Urania speaks with darken'd brow:
`Thou pratest here where thou art least;
This faith has many a purer priest,
And many an abler voice than thou.
"Go down beside thy native rill,
On thy Parnassus set thy feet,
And hear thy laurel whisper sweet
About the ledges of the hill."
And my Melpomene replies,
A touch of shame upon her cheek:
"I am not worthy ev'n to speak
Of thy prevailing mysteries;
"For I am but an earthly Muse,
And owning but a little art
To lull with song an aching heart,
And render human love his dues;
"But brooding on the dear one dead,
And all he said of things divine,
(And dear to me as sacred wine
To dying lips is all he said),
"I murmur'd, as I came along,
Of comfort clasp'd in truth reveal'd;
And loiter'd in the master's field,
And darken'd sanctities with song."
- Tennyson does a lot of name-dropping in this canto, so you'd better be ready to visit the "Allusions" section.

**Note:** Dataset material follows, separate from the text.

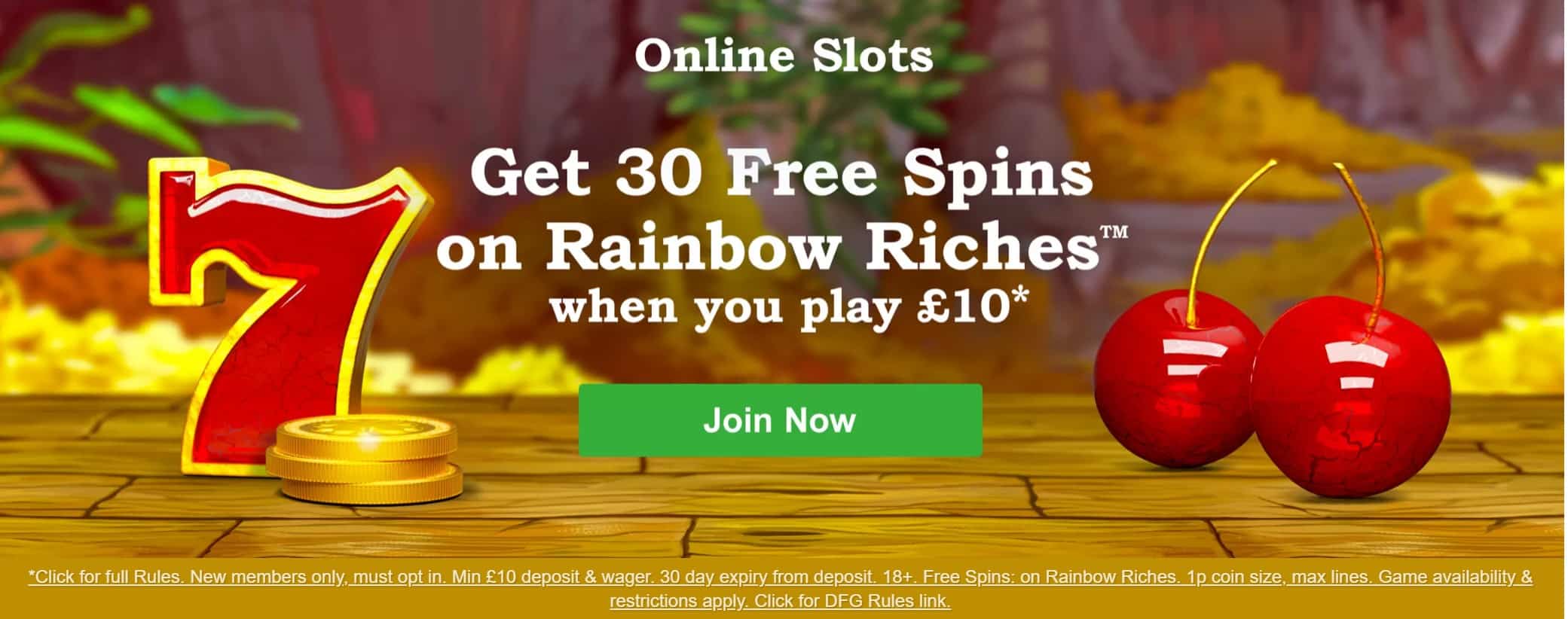 Welcome Bonus of 30 Spins at Rainbow Riches Casino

- Urania is the muse of astronomy. Astronomy deals with all the stars, planets, galaxies, etc., outside of Earth. This area (outside of Earth) has also been called "the heavens." So, Urania is a sort of muse of the heavens, or exists over all the other muses.
- She scolds the speaker for complaining about these topics when he's nothing compared to the more learned priests and others who have made the same complaints before. She sends him off to listen to the other muses (they live on Mount Parnassus, by the by).
- Melpomene (muse of singing or tragedy) admits that she's not even worthy to speak of Urania's mysteries.
- She's only an earthly muse who is trying to make the speaker feel a bit better about his dead friend by singing about Arthur and the things he held sacred while he was alive.